Equality test of K unknown component distributions

Equality test of the unknown component distributions coming from K (K > 1) admixture models, based on the Inversion - Best Matching (IBM) approach. Recall that we have K populations following admixture models, each one with probability density functions (pdf) l_k = p_k*f_k + (1-p_k)*g_k, where g_k is the known pdf and l_k corresponds to the observed sample. Perform the following hypothesis test: H0 : f_1 = ... = f_K against H1 : f_i differs from f_j (i different from j, and i,j in 1,...,K).

Usage

IBM_k_samples_test(
  samples,
  admixMod,
  conf_level = 0.95,
  sim_U = NULL,
  tune_penalty = TRUE,
  n_sim_tab = 100,
  parallel = FALSE,
  n_cpu = 2
)

Arguments

samples: A list of the K samples to be studied, all following admixture distributions.
admixMod: A list of objects of class admix_model, containing useful information about distributions and parameters.
conf_level: The confidence level of the K-sample test.
sim_U: (default to NULL) Random draws of the inner convergence part of the contrast as defined in the IBM approach (see references below).
tune_penalty: (default to TRUE) A boolean that allows to choose between a classical penalty term or an optimized penalty (embedding some tuning parameters, automatically optimized).

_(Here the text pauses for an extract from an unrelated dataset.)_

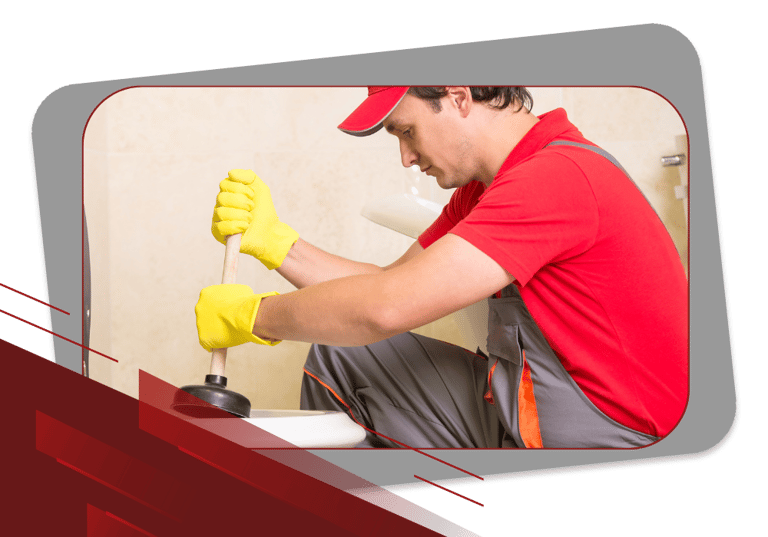 a man in a red shirt and yellow gloves
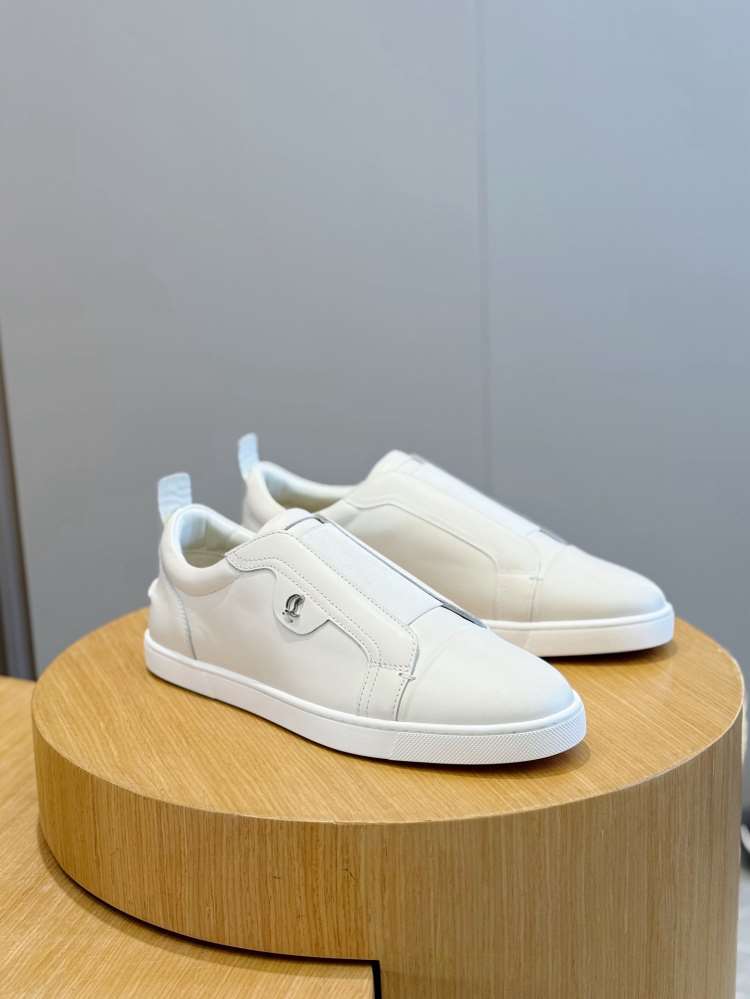 2026新作発表【Christian Louboutin】スリッポン レザー 弹性织带×Q字五金 ホワイト×白 デイリー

Optimized penalty is particularly useful for low or unbalanced sample sizes to detect alternatives to the null hypothesis (H0). It is recommended to set it to TRUE.
n_sim_tab: (default to 100) Number of simulated Gaussian processes when tabulating the inner convergence distribution in the 'icv' testing method using the IBM estimation approach.
parallel: (default to FALSE) Boolean to indicate whether parallel computations are performed (speed-up the tabulation).
n_cpu: (default to 2) Number of cores used when paralleling computations.

Value

An object of class 'IBM_test', containing 17 attributes: 1) the number of samples for the test; 2) the sizes of each sample; 3) the information about component distributions for each sample; 4) the reject decision of the test; 5) the confidence level of the test (1-alpha, where alpha refers to the first-type error); 6) the test p-value; 7) the 95th-percentile of the contrast tabulated distribution; 8) the test statistic value; 9) the selected rank (number of terms involved in the test statistic); 10) the terms (pairwise contrasts) involved in the test statistic; 11) A boolean indicating whether the penalization corresponds to the null hypothesis has been considered; 12) the value of penalized test statistics; 13) the selected optimal 'gamma' parameter (see reference below); 14) the selected optimal constant involved in the penalization process (see also the reference); 15) the tabulated distribution of the contrast; 16) the estimated mixing proportions (not implemented yet, since that makes sense only in case of equal unknown component distributions); 17) the matrix of pairwise contrasts (distance between two samples).

References

Milhaud X, Pommeret D, Salhi Y, Vandekerkhove P (2024). “Contamination-source based K-sample clustering.” Journal of Machine Learning Research, 25(287), 1--32. https://jmlr.org/papers/v25/23-0914.html.

Author

Xavier Milhaud xavier.milhaud.research@gmail.com

Examples

if (FALSE) {
####### Under the null hypothesis H0 (with K=3 populations):
## Simulate mixture data:
mixt1 <- twoComp_mixt(n = 450, weight = 0.4,
                      comp.dist = list("norm", "norm"),
                      comp.param = list(list("mean" = -2, "sd" = 0.5),
                                        list("mean" = 0, "sd" = 1)))
mixt2 <- twoComp_mixt(n = 380, weight = 0.7,
                      comp.dist = list("norm", "norm"),
                      comp.param = list(list("mean" = -2, "sd" = 0.5),
                                        list("mean" = 1, "sd" = 1)))
mixt3 <- twoComp_mixt(n = 400, weight = 0.8,
                      comp.dist = list("norm", "exp"),
                      comp.param = list(list("mean" = -2, "sd" = 0.5),
                                        list("rate" = 1)))
data1 <- getmixtData(mixt1)
data2 <- getmixtData(mixt2)
data3 <- getmixtData(mixt3)
## Define the admixture models:
admixMod1 <- admix_model(knownComp_dist = mixt1$comp.dist[[2]],
                         knownComp_param = mixt1$comp.param[[2]])
admixMod2 <- admix_model(knownComp_dist = mixt2$comp.dist[[2]],
                         knownComp_param = mixt2$comp.param[[2]])
admixMod3 <- admix_model(knownComp_dist = mixt3$comp.dist[[2]],
                         knownComp_param = mixt3$comp.param[[2]])
## Perform the 3-samples test:
IBM_k_samples_test(samples = list(data1, data2, data3),
                   admixMod = list(admixMod1, admixMod2, admixMod3),
                   conf_level = 0.95, sim_U = NULL, n_sim_tab = 8,
                   tune_penalty = FALSE, parallel = FALSE, n_cpu = 2)
}